Abhisit Vejjajiva, a 44-year-old former economist who will have the support of only a slim majority in parliament, took the helm as Thailand’s new prime minister on Dec. 15 and faces the challenge of guiding his country through troubled economic times.

But his selection was met with immediate dissent from those who consider him a representative of the military, which was responsible for ousting popularly elected former prime minister Thaksin Shinawatra in 2006. On Monday, about 200 government supporters chanted “Abhisit, army nominee” while obstructing access to parliament and smashing car windows belonging to MPs of his Democrat Party.

Outgoing Finance Minister Suchart Thada-Thamrongvech has predicted that the economy will shrink 0.5-1.0 percent in the first quarter of 2009 from the year before, and that the country is nearing recession. Abhisit said last week that he plans to spark economic growth through increased government spending.

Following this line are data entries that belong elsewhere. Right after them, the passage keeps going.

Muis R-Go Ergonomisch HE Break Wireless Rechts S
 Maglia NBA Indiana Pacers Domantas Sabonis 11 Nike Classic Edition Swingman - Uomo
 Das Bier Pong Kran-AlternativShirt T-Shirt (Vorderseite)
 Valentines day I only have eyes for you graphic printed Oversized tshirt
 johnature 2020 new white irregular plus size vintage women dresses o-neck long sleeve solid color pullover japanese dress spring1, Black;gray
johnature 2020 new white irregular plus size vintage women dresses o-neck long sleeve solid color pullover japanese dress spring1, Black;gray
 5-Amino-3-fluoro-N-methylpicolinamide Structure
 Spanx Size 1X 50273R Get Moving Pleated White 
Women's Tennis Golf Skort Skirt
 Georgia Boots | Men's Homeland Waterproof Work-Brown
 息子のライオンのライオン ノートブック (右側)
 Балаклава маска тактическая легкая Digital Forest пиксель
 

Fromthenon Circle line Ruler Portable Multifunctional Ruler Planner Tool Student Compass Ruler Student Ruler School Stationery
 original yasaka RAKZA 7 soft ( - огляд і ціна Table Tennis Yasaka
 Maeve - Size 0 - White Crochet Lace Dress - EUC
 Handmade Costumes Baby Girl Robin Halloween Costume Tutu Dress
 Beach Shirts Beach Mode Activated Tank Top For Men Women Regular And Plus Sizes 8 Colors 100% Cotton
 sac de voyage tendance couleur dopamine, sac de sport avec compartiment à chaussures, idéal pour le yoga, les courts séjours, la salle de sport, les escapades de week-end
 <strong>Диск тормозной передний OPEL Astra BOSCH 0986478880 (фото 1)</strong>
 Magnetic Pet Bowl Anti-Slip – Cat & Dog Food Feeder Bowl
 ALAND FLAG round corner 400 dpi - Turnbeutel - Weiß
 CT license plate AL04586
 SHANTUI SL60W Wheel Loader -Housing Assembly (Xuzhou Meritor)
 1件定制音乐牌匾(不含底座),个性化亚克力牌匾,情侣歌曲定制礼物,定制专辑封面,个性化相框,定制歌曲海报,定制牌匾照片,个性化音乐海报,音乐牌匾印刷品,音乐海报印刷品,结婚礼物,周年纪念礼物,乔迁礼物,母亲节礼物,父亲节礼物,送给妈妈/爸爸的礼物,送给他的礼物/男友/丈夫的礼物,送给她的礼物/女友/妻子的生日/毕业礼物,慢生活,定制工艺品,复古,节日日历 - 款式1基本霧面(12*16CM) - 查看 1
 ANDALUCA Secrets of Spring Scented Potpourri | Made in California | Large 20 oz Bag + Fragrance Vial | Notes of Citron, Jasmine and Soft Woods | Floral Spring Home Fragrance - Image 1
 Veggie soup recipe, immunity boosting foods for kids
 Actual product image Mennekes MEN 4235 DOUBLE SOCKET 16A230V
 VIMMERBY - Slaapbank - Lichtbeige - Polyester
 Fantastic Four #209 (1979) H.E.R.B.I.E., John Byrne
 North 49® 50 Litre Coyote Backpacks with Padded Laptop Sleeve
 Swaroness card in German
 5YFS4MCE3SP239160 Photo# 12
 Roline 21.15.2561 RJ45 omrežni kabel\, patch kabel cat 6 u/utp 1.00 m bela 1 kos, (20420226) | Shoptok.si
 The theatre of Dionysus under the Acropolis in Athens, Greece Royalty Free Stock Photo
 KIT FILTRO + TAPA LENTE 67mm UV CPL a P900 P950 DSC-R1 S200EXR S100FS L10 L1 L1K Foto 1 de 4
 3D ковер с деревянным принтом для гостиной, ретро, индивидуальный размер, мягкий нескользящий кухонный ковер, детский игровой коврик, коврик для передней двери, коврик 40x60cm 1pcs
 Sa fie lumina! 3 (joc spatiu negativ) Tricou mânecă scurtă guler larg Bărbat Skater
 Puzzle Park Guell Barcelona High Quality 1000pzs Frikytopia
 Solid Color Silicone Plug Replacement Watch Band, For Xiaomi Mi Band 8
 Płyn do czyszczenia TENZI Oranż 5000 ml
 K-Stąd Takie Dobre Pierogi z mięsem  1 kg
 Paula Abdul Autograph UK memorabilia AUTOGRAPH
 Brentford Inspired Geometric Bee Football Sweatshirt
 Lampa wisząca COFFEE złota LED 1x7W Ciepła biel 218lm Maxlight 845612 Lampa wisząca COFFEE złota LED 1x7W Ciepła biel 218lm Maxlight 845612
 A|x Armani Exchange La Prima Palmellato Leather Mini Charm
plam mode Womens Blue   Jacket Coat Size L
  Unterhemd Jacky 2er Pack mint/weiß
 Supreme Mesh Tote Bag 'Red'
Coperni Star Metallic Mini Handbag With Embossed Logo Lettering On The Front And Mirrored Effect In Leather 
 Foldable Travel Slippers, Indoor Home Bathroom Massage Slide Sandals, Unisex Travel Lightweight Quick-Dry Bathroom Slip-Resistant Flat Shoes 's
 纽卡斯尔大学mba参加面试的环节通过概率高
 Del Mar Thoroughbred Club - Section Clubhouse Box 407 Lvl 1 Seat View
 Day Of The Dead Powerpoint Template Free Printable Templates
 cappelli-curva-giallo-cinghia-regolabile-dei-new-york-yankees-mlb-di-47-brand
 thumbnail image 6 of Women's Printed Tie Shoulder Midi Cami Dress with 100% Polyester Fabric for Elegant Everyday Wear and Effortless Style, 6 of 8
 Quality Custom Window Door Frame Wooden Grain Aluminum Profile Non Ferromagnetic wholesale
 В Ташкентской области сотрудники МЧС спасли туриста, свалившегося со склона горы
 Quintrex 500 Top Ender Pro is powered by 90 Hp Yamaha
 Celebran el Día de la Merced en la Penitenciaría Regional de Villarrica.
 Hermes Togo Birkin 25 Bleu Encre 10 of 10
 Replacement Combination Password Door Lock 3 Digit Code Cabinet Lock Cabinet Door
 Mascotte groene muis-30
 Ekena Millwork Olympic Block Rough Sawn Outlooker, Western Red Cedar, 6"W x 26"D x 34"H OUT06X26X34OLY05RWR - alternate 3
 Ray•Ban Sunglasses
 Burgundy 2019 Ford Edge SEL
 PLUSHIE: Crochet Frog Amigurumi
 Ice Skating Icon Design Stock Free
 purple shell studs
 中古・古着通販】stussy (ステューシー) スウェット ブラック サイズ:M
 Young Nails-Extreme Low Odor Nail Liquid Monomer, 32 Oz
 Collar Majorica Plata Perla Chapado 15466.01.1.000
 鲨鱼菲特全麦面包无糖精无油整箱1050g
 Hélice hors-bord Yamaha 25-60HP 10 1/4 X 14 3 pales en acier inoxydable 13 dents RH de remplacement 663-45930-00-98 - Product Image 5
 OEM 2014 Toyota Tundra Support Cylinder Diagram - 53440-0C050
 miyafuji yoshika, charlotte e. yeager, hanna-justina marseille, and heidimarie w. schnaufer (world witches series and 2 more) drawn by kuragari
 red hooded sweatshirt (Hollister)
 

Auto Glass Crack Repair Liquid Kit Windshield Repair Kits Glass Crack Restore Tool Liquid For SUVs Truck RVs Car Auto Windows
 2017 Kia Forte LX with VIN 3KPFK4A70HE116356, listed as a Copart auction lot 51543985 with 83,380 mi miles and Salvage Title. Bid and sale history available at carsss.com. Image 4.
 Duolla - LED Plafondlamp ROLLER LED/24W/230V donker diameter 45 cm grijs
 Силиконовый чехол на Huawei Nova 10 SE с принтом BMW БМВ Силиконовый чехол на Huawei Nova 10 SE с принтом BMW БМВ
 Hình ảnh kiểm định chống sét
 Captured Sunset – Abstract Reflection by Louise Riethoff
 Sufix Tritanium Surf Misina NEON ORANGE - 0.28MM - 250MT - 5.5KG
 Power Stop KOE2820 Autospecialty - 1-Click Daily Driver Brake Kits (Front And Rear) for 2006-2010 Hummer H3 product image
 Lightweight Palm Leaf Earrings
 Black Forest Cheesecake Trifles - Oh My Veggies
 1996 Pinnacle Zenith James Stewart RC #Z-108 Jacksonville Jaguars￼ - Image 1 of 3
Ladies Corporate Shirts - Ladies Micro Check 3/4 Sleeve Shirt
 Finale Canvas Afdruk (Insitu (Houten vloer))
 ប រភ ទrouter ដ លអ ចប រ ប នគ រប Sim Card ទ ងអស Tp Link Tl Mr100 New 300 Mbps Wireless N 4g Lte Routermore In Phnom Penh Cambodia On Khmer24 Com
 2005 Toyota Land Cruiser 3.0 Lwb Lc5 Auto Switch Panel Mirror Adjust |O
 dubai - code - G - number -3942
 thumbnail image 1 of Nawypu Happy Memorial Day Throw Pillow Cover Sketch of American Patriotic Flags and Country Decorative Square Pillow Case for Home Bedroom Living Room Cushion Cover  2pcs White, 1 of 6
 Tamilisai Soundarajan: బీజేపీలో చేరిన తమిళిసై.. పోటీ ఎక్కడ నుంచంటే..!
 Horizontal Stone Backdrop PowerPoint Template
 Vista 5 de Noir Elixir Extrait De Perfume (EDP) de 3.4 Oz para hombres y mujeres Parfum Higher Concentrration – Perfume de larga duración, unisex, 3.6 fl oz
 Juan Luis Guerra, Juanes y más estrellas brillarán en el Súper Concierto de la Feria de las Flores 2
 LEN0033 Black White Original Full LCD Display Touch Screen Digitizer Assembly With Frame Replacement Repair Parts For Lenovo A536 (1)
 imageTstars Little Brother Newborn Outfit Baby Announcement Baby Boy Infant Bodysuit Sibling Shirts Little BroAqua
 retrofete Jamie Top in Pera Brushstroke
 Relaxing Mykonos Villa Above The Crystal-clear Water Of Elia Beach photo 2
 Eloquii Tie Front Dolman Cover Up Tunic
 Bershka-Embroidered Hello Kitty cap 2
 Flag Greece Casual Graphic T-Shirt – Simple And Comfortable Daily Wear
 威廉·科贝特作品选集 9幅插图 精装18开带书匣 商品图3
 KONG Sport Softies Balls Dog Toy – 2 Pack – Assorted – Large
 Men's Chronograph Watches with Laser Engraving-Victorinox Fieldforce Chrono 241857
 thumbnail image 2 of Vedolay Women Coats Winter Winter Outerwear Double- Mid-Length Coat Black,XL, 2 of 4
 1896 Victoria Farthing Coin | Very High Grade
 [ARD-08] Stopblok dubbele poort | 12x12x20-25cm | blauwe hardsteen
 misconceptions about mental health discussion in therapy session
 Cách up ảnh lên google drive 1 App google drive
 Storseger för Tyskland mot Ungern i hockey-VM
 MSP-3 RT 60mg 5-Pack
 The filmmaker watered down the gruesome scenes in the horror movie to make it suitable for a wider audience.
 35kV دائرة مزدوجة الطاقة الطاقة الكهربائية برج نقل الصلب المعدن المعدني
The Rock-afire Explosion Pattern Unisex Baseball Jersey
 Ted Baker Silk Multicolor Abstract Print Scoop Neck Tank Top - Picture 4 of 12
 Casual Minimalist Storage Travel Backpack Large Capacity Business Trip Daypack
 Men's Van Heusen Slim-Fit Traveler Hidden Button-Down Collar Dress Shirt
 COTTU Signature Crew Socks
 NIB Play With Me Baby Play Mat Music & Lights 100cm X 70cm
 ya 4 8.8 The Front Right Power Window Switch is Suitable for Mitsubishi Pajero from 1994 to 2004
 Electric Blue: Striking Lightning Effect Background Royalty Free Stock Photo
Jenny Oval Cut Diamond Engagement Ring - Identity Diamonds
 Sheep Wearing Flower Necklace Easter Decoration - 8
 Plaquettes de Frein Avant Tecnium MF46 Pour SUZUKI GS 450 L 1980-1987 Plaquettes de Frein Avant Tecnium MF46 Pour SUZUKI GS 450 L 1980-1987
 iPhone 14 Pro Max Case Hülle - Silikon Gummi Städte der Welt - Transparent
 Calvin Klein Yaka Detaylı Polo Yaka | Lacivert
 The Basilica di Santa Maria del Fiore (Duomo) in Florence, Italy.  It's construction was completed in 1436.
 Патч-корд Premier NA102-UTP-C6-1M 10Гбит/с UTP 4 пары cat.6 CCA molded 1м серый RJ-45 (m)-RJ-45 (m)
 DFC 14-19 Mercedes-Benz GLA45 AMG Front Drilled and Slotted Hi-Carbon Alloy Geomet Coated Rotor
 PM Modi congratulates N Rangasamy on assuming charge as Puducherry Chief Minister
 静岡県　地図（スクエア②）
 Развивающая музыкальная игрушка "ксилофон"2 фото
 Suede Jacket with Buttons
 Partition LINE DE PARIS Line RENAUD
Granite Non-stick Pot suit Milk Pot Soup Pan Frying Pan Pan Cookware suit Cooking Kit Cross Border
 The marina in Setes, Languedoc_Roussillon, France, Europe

Thailand’s Constitutional Court ruled Dec. 2 that Prime Minister Somchai Wongsawat leave office after serving for only two and a half months, and ordered that his ruling People’s Power Party be disbanded. The ruling also stated that two other political parties from the governing coalition must be dissolved for engaging in fraud during last December’s election.
The court decision spurred the People’s Alliance for Democracy, which had been protesting against the government for months, to end all rallies and their occupation of the country’s main airport, Suvarnabhumi International.

Somchai had replaced Samak Sundaravej as prime minister after a court decision booted Samak from office for accepting pay from a TV cooking show he hosted while serving as prime minister. Samak, in turn, had replaced fugitive former leader Thaksin Shinawatra. Somchai, the former senior deputy prime minister in Samak’s cabinet, is the brother-in-law of Thaksin.

In November, Thai protesters led by the People’s Alliance for Democracy marched through Bangkok and successfully stopped the parliament from the convening. The office of Thailand’s prime minister had been barricaded since late August.

Key Player: King Bhumibol Adulyadej

Thailand’s revered King Bhumibol Adulyadej has reigned for more than six decades, during which time the country has undergone rapid change. It has transformed from a mostly agrarian society to an urbanized global economy, and has seen 17 military coups and prime ministers. Public criticism of the monarchy is outlawed, but Bhumibol seems to be genuinely revered for his role as a spiritual leader and adherence to Buddhist teachings and philosophy, as well as his accomplishments as a jazz musician and sailor, his experiments with agriculture and irrigation, and his lifelong service to his nation.